◆ **Exercise goal**
Down to the last line, repeat the data below exactly.

◆ **Exercise material**
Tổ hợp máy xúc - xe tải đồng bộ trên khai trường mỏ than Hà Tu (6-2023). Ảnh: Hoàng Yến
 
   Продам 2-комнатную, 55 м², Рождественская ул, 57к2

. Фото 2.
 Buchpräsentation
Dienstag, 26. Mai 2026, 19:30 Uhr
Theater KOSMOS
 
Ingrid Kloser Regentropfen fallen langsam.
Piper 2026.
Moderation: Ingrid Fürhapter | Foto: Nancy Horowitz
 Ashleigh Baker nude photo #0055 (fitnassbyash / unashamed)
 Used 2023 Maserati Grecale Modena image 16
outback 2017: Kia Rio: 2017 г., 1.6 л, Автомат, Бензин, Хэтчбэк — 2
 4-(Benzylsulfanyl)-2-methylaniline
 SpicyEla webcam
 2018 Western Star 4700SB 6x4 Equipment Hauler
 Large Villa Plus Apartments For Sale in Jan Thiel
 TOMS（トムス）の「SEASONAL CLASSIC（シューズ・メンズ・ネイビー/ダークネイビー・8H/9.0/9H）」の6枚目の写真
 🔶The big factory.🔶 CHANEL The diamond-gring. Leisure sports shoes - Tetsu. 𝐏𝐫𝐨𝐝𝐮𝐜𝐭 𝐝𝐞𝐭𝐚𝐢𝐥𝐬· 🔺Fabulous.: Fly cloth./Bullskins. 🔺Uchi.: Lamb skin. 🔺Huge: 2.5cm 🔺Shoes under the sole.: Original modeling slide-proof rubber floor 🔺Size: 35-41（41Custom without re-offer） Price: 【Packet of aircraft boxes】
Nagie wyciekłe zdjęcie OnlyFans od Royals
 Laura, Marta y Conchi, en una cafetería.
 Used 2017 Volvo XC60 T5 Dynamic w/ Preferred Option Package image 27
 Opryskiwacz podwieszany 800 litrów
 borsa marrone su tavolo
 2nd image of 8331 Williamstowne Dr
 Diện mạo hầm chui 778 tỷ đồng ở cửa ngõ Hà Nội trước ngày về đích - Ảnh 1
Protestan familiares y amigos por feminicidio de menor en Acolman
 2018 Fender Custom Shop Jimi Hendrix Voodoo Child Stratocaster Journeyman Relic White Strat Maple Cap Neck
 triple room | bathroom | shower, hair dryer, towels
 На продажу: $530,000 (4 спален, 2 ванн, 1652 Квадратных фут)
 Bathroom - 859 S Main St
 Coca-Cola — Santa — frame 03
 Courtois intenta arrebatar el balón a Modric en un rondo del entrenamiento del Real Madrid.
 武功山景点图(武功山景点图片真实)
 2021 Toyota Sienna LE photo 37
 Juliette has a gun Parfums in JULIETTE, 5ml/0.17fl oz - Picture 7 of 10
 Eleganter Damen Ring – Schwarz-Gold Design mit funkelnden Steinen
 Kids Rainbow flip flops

◆ **Expected answer**
Tổ hợp máy xúc - xe tải đồng bộ trên khai trường mỏ than Hà Tu (6-2023). Ảnh: Hoàng Yến
 
   Продам 2-комнатную, 55 м², Рождественская ул, 57к2

. Фото 2.
 Buchpräsentation
Dienstag, 26. Mai 2026, 19:30 Uhr
Theater KOSMOS
 
Ingrid Kloser Regentropfen fallen langsam.
Piper 2026.
Moderation: Ingrid Fürhapter | Foto: Nancy Horowitz
 Ashleigh Baker nude photo #0055 (fitnassbyash / unashamed)
 Used 2023 Maserati Grecale Modena image 16
outback 2017: Kia Rio: 2017 г., 1.6 л, Автомат, Бензин, Хэтчбэк — 2
 4-(Benzylsulfanyl)-2-methylaniline
 SpicyEla webcam
 2018 Western Star 4700SB 6x4 Equipment Hauler
 Large Villa Plus Apartments For Sale in Jan Thiel
 TOMS（トムス）の「SEASONAL CLASSIC（シューズ・メンズ・ネイビー/ダークネイビー・8H/9.0/9H）」の6枚目の写真
 🔶The big factory.🔶 CHANEL The diamond-gring. Leisure sports shoes - Tetsu. 𝐏𝐫𝐨𝐝𝐮𝐜𝐭 𝐝𝐞𝐭𝐚𝐢𝐥𝐬· 🔺Fabulous.: Fly cloth./Bullskins. 🔺Uchi.: Lamb skin. 🔺Huge: 2.5cm 🔺Shoes under the sole.: Original modeling slide-proof rubber floor 🔺Size: 35-41（41Custom without re-offer） Price: 【Packet of aircraft boxes】
Nagie wyciekłe zdjęcie OnlyFans od Royals
 Laura, Marta y Conchi, en una cafetería.
 Used 2017 Volvo XC60 T5 Dynamic w/ Preferred Option Package image 27
 Opryskiwacz podwieszany 800 litrów
 borsa marrone su tavolo
 2nd image of 8331 Williamstowne Dr
 Diện mạo hầm chui 778 tỷ đồng ở cửa ngõ Hà Nội trước ngày về đích - Ảnh 1
Protestan familiares y amigos por feminicidio de menor en Acolman
 2018 Fender Custom Shop Jimi Hendrix Voodoo Child Stratocaster Journeyman Relic White Strat Maple Cap Neck
 triple room | bathroom | shower, hair dryer, towels
 На продажу: $530,000 (4 спален, 2 ванн, 1652 Квадратных фут)
 Bathroom - 859 S Main St
 Coca-Cola — Santa — frame 03
 Courtois intenta arrebatar el balón a Modric en un rondo del entrenamiento del Real Madrid.
 武功山景点图(武功山景点图片真实)
 2021 Toyota Sienna LE photo 37
 Juliette has a gun Parfums in JULIETTE, 5ml/0.17fl oz - Picture 7 of 10
 Eleganter Damen Ring – Schwarz-Gold Design mit funkelnden Steinen
 Kids Rainbow flip flops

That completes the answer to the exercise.